Ahmed Zewail, a science adviser to President Obama who won the 1999 Nobel Prize for his work on the study of chemical reactions over immensely short time scales, died on Tuesday. He was 70.
Zewail’s death was announced by the California Institute of Technology in Pasadena, Calif., where he was Linus Pauling professor of chemistry and director of the Physical Biology Center for Ultrafast Science and Technology.
Zewail was born in Egypt and lived in San Marino, a wealthy suburb of Los Angeles. Caltech had no information on cause of death or where he died. Egyptian media reported that it was in the United States.
Over nearly 40 years at Caltech, Zewail and his students pioneered the field of femtochemistry, the use of lasers to monitor chemical reactions at a scale of a femtosecond, or a millionth of a billionth of a second.
Using Zewail’s techniques, scientists can observe the bonding and busting of molecules in real time. The research could lead to new ways of manipulating chemical or biological reactions as well as faster electronics and ultra-precise machinery.
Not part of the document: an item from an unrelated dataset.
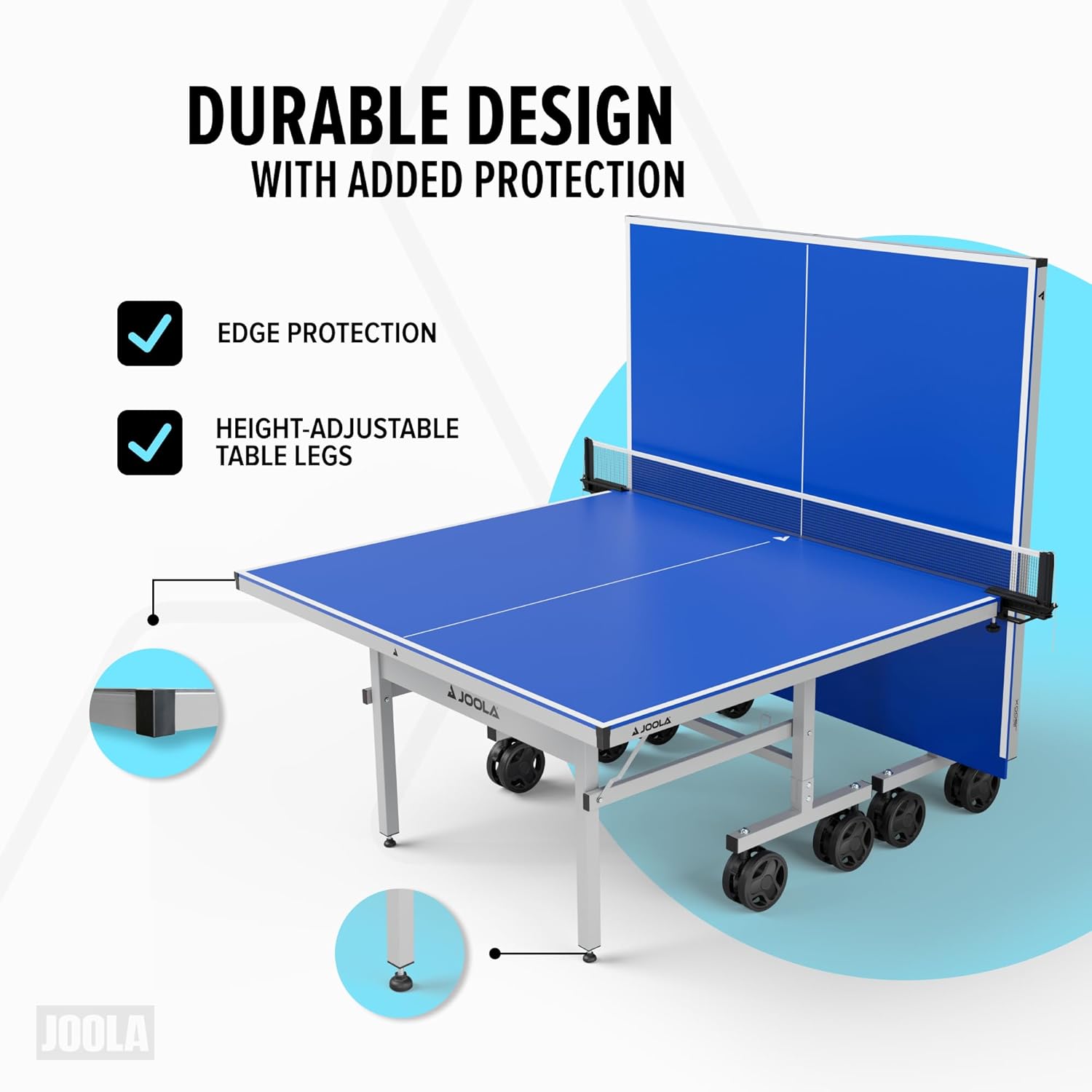 Blue table tennis table with features highlighted on a white background
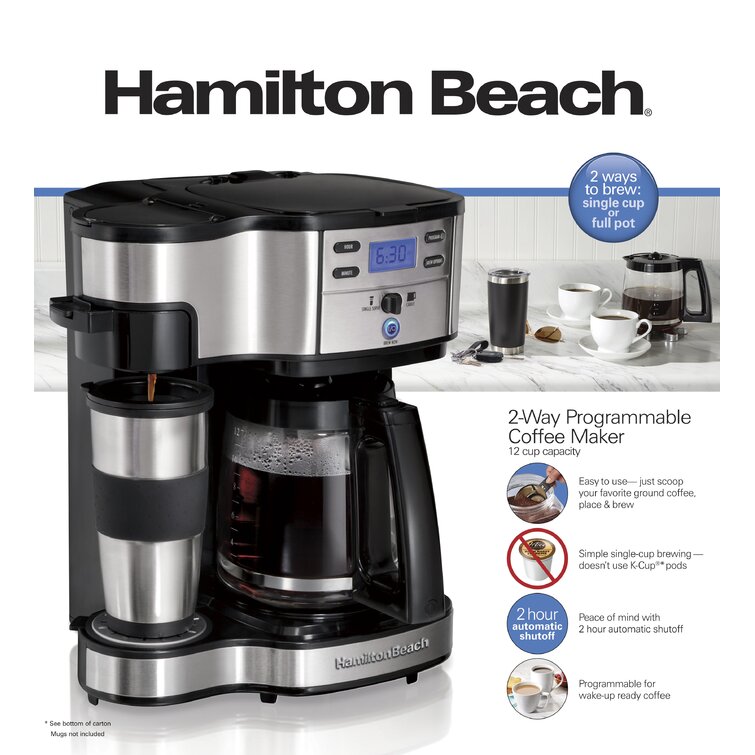 Hamilton Beach Black And Stainless Steel 2-Way Brewer 12-Cup Coffeemaker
“If you can understand the landscape of a chemical change or a biological change, you might be able to alter the landscape,” Zewail said after winning the Nobel Prize in chemistry.
Zewail helped develop four-dimensional electron microscopy, which can capture a real-time series of images of such fleeting processes that can be assembled into a sort of digital movie.
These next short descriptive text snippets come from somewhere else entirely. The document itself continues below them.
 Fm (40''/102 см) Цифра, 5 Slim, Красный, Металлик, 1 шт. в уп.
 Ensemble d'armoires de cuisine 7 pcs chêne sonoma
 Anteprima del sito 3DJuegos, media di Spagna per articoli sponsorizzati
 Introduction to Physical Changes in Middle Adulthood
Zewail was born in Damanhur, Egypt. He joined Caltech in 1976.
“I never ever believed that one day I would get a call from Sweden as a boy,” he said after receiving the Nobel. “I had passion about science. My mother said I was going to burn the house (with chemistry experiments).”
Zewail authored some 600 scientific articles and 16 books and was showered with honors from around the world, including France’s highest honor, the Legion d’Honneur, and Egypt’s Order of the Grand Collar of the Nile.
In 2009, the president named Zewail, a naturalized citizen, to the Council of Advisors on Science and Technology and later that year made him the first U.S. science envoy to the Middle East.
He joined the United Nations Scientific Advisory Board in 2013.
In 2014, Zewail wrote an opinion piece for the Los Angeles Times that urged the U.S. to avoid cutting aid to Egypt after a military coup that ousted the elected president and replaced him.
Zewail argued that constructive engagement and use of U.S. “soft power” such as trade agreements were important in keeping Egypt as a partner in the war on terrorism and other U.S. interests.
Egyptian President Abdel-Fattah al-Sissi expressed his condolences over the death, saying the country had lost a son and role model.
Egyptian media reported that Zewail’s body would be flown to that country for burial.
Zewail is survived by his wife, Dema Faham, and four children.